ADR-0201: ssimulacra2 Vulkan kernel¶

Status: Accepted
Date: 2026-04-27
Deciders: lusoris@pm.me
Tags: vulkan, gpu, ssimulacra2, precision

Context¶

ADR-0192 scopes GPU long-tail batch 3, which targets a Vulkan twin for every CPU extractor that still lacks one. ssimulacra2 — the SSIMULACRA 2 perceptual quality metric ported from libjxl (ADR-0130) — is the second-most complex remaining metric after cambi (deferred for a feasibility spike). Its CPU pipeline (full-resolution YUV → linear RGB → 6-scale pyramid; per scale: linear-RGB → XYB, separable 3-pole IIR Gaussian blur of 5 statistics, per-pixel SSIM + edge-diff stats, host accumulation of ~108 weighted norms + cubic polynomial + power transform) makes a single fused GPU kernel impractical.

Closing the Vulkan slot for ssimulacra2 unblocks ADR-0192's Group A coverage matrix (no GPU twin yet) and provides the reference layout that the CUDA + SYCL twins (a follow-up PR) will mirror.

Decision¶

We land ssimulacra2_vulkan as a hybrid host/GPU pipeline with the IIR blur + per-pixel multiplies on the GPU and the precision-sensitive XYB pre-pass + per-pixel SSIM combine on the host. The GPU shaders are:

ssimulacra2_mul.comp — elementwise 3-plane multiply (mirrors multiply_3plane in ssimulacra2.c) for the ref², dis², and ref·dis pre-blur products.
ssimulacra2_blur.comp — separable Charalampidis 2016 3-pole recursive IIR blur with sigma=1.5. The IIR is sequential along the scan axis, so we use one workgroup per row for the horizontal pass (local_size = 1, dispatch (1, H, 1)) and one workgroup per column for the vertical pass (dispatch (1, W, 1)). Per-channel offsets in the 3-plane buffer come from push constants (in_offset, out_offset) so the descriptor set is bound once per (in_buf, out_buf) pair — updating descriptors between recorded vkCmdDispatch calls only leaves the LAST-written binding visible at submit time, a pitfall we hit during development.
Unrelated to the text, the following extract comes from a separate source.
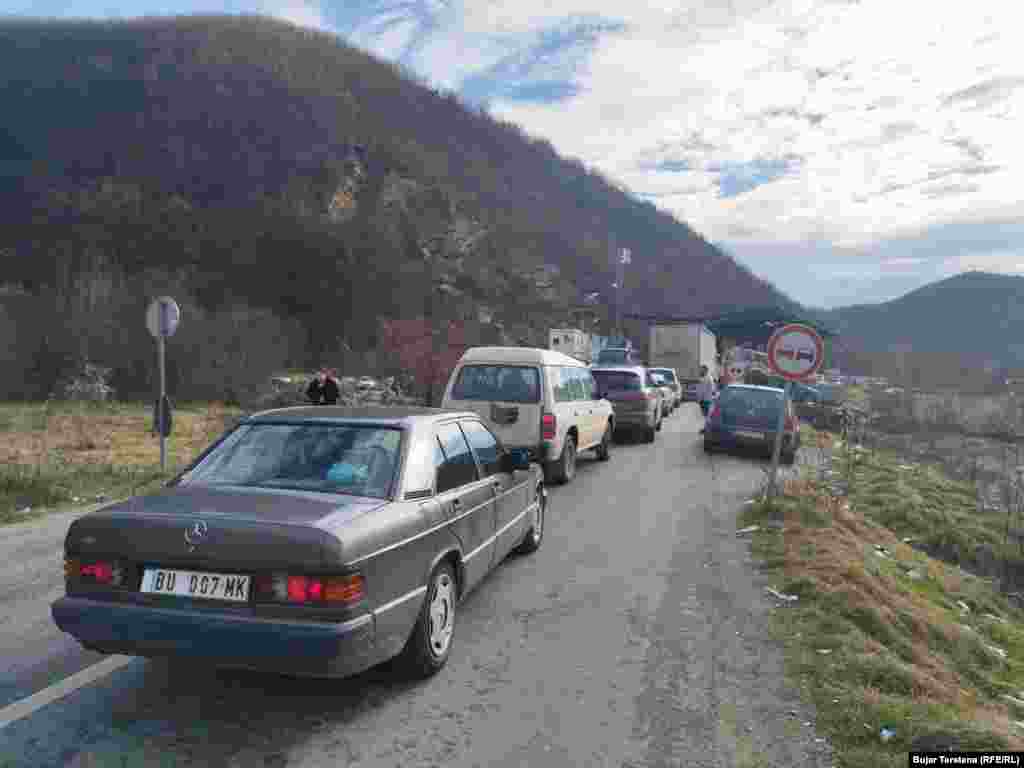 Kolona e automjeteve duke pritur në pikën kufitare Dheu i Bardhë, mes Kosovës dhe Serbisë.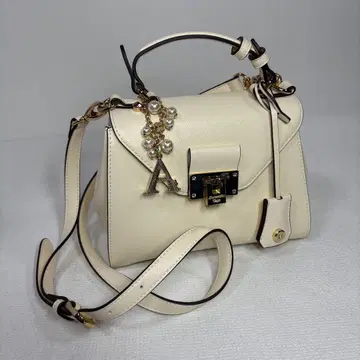 16일까지 세일 Samantha Vega 숄더백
Host responsibilities (in ssimulacra2_vulkan.c):

YUV → linear RGB at full resolution, using the same scalar libjxl port as ssimulacra2.c::picture_to_linear_rgb (deterministic sRGB EOTF LUT from ADR-0164).
2×2 box downsample between scales (cheap vs the GPU work; keeps the GPU dispatch chain focused on the per-scale blur pipeline). The downsample uses the full-resolution plane stride consistently — every pyramid level keeps its 3 planes in their full-resolution slots with the active data at the head of the slot — so the GPU shaders' channel offsets (c * full_w * full_h) line up across scales.
linear-RGB → XYB at every scale via ss2v_host_linear_rgb_to_xyb (verbatim port of ssimulacra2.c::linear_rgb_to_xyb). Bit-exact with the CPU extractor — see §Precision investigation for why this is required rather than running XYB on the GPU.
Per-pixel SSIMMap + EdgeDiffMap combine in double precision over the GPU-blurred mu/sigma buffers (which are HOST_VISIBLE + MAPPED via VMA). Mirrors ssim_map + edge_diff_map exactly, including the (double)num_m * (double)num_s / (double)denom_s promotion at the divide site.
108-weighted-norm pool + cubic polynomial + power 0.6276 transform (mirrors pool_score).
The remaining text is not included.